April 21, 2015 § 11 Comments

You old timers know of my fondness for what I refer to as “Checklists” — those lists of factors that apply in various cases in chancery court. Newcomers may not be acquainted with the concept, so I republish this list of checklists every now and then to spread the word. It’s a concept I’ve referred to as “Trial by Checklist.”

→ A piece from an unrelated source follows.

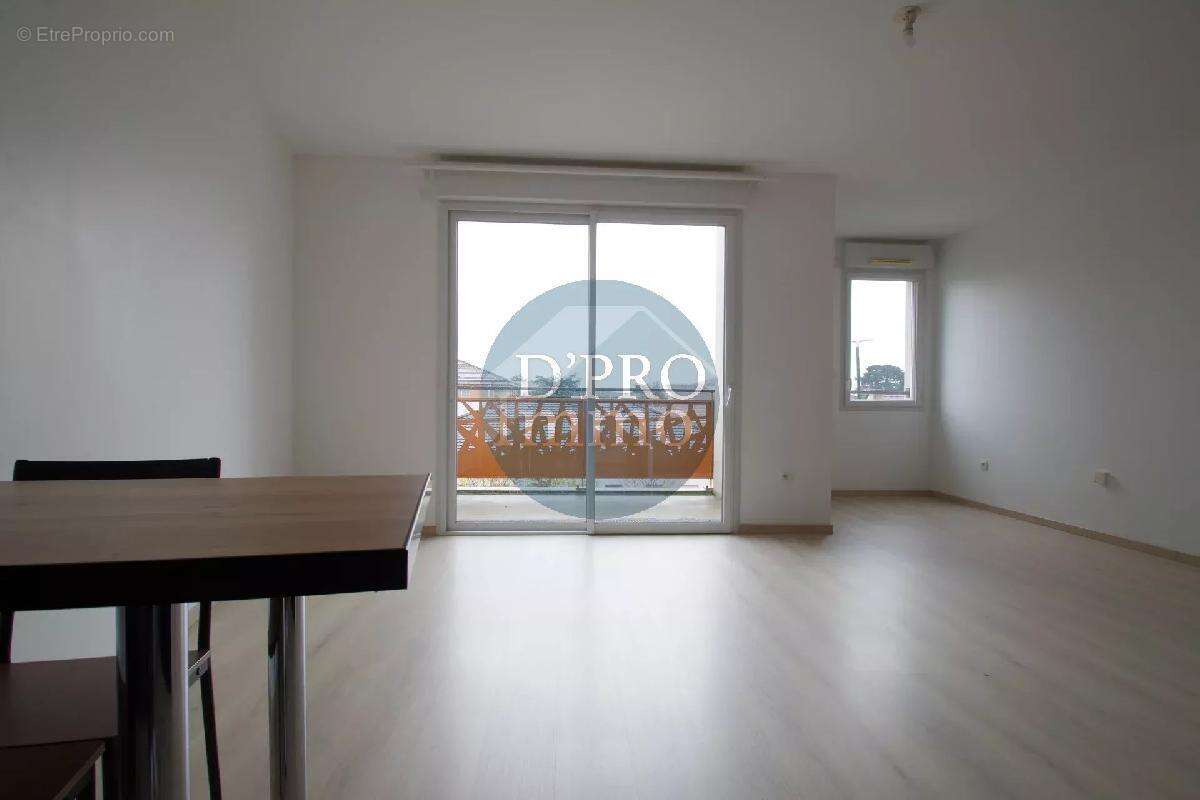 Appartement à SAINT-SEBASTIEN-SUR-LOIRE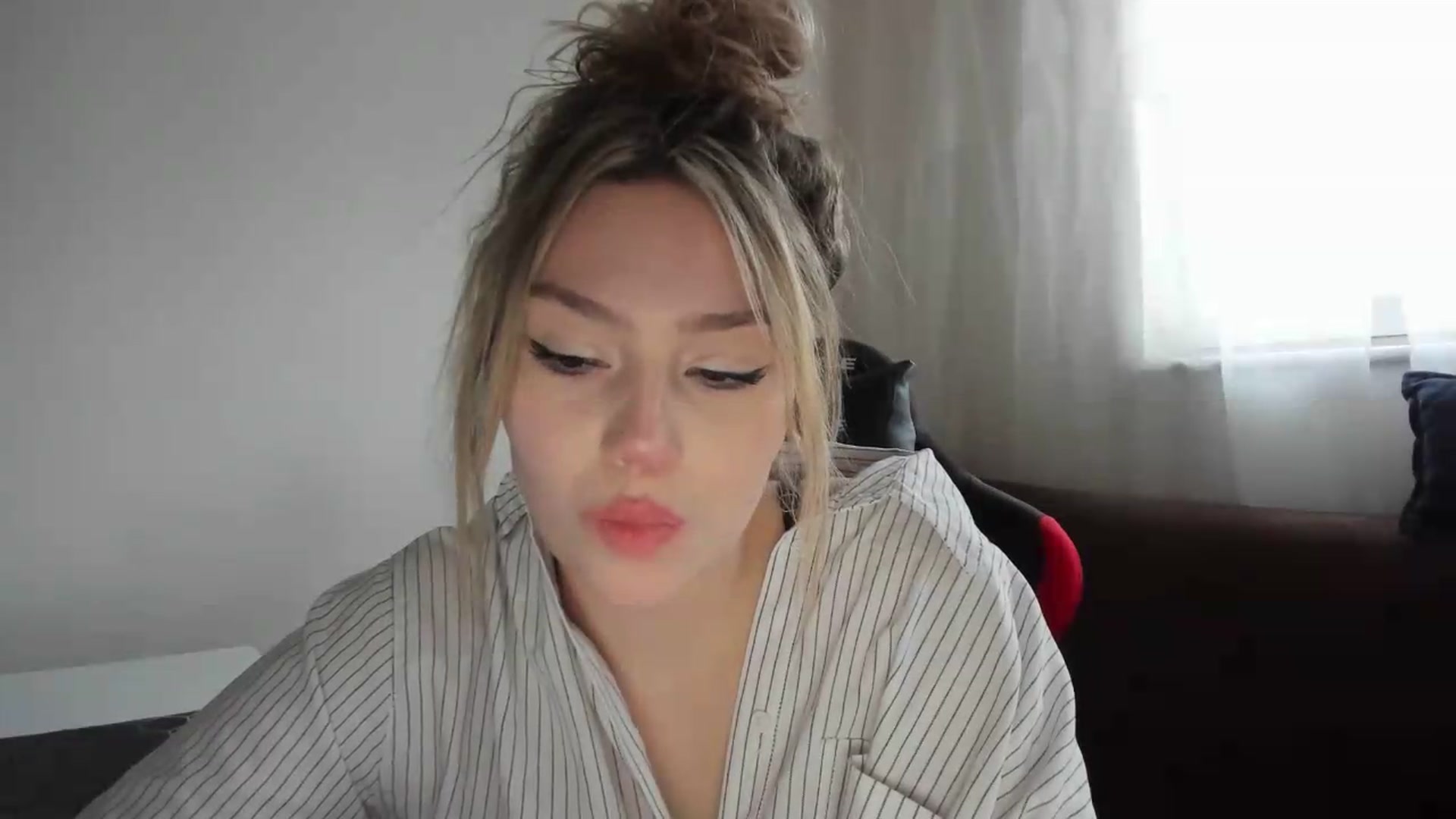Gallery image thumbnail from Milanana's myfreecams stream on, 05/22/2026, 18:12 image 9 of 20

The idea is that the chancellor is required to address various factors in various types of cases. If you are not putting on evidence to support the judge’s findings of fact under each of those factors, then you are: (a) losing the case; and (b) failing in your duty to represent your client, as well as wasting the court’s time; and (c) committing malpractice.

Here they are:

Attorney’s fees.

Attorney’s fees in an estate.

Adverse possession.

Child custody.

Child support.

Grandparent visitation.

Equitable distribution.

Income tax dependency exemption.

Modification of child support.

Periodic and rehabilitative alimony.

Lump sum alimony.

Separate maintenance.

And here are two checklists that will help you in probate matters:

Closing an estate.

Doing an accounting in a probate matter.

My recommendation is that you keep each checklist, with citation of authorities, handy, either in a notebook or accessible in your computer where you can photocopy or print them out each time you have a case involving them. For instance, in a divorce case, you might need the checklists for child custody, child support, equitable distribution, and alimony. then, as you prepare, tailor your proof to make a record as to each factor. At trial, you can use each checklist as a template for presentation of your case.

In my courtroom, I keep a notebook on each side of the room with every checklist for lawyers to have handy in a pinch.

Bear in mind that if the judge does not have the proof to support her findings on the applicable factors, your case is in jeopardy on appeal — that is, if the judge somehow ruled in your favor in the first place.